Shaw explains that he has chosen to make the hero of Pygmalion a phonetician in order to bring to light the need for reform of the English language. English spelling and pronunciation is an impossible, out-dated hodge-podge that has no standard, which can be taught. No one can speak English without another speaker somewhere despising his version of the language.

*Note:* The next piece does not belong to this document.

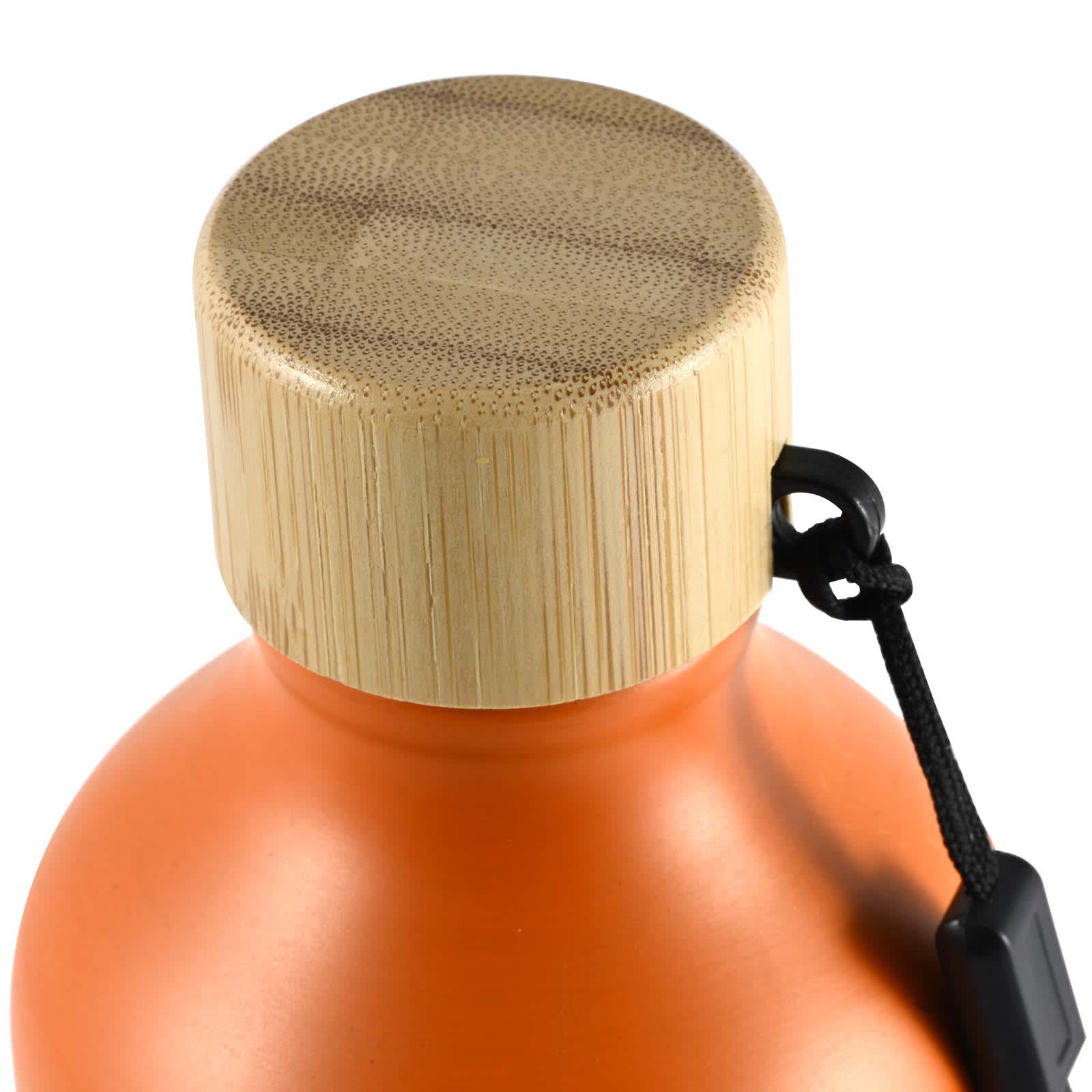 A drink bottle in vibrant orange with a bamboo lid and a black wrist strap. It features a logo.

Topic Tracking: Language 1

Shaw became interested in phonetics in the 1870s. He knew several famous phoneticians. He believed Henry Sweet, a young professor of phonetics at Oxford, to be the most brilliant among them, but when he attempted to draw him into the limelight by giving him an opportunity to write an essay in a prominent magazine, Sweet wrote a libelous article about a man in a position he thought could only be performed by a phonetician. Shaw determined that Sweet was too scornful of academia to ever suffer the politics required to make his theories known. Sweet invented the Current Shorthand, which is mentioned in the third act of the play. This phonetic code could express every sound in the English language distinctly. It never prevailed over the more popular Pitman system of shorthand, even though it was easier to write. Shaw suggests that the English simply enlarge their alphabet to cover all the sounds in the language and change their system of spelling to be as directly related to pronunciation as Spanish is. Higgins, the hero of Pygmalion, is not a portrait of Sweet. If Sweet had as much charisma as Higgins he would have been eminently famous. His temperament sentenced him to obscurity. Shaw does not intend Higgins to portray any specific phonetician, only to impress the English people with the important role of phonetics in modern England.

Topic Tracking: Manners 1

"If the play makes the public aware that there are such people as phoneticians, and that they are among its most important people in England at present, it will serve its turn." Preface, pg. 9

Shaw goes on to boast of the popular success of his play, and assert that, contrary to the suggestions of his critics, all great art must be didactic. Finally, he encourages those readers of his play, who aspire to climb the social ladder by altering their accents, that they can be successful if they study under a phonetic expert.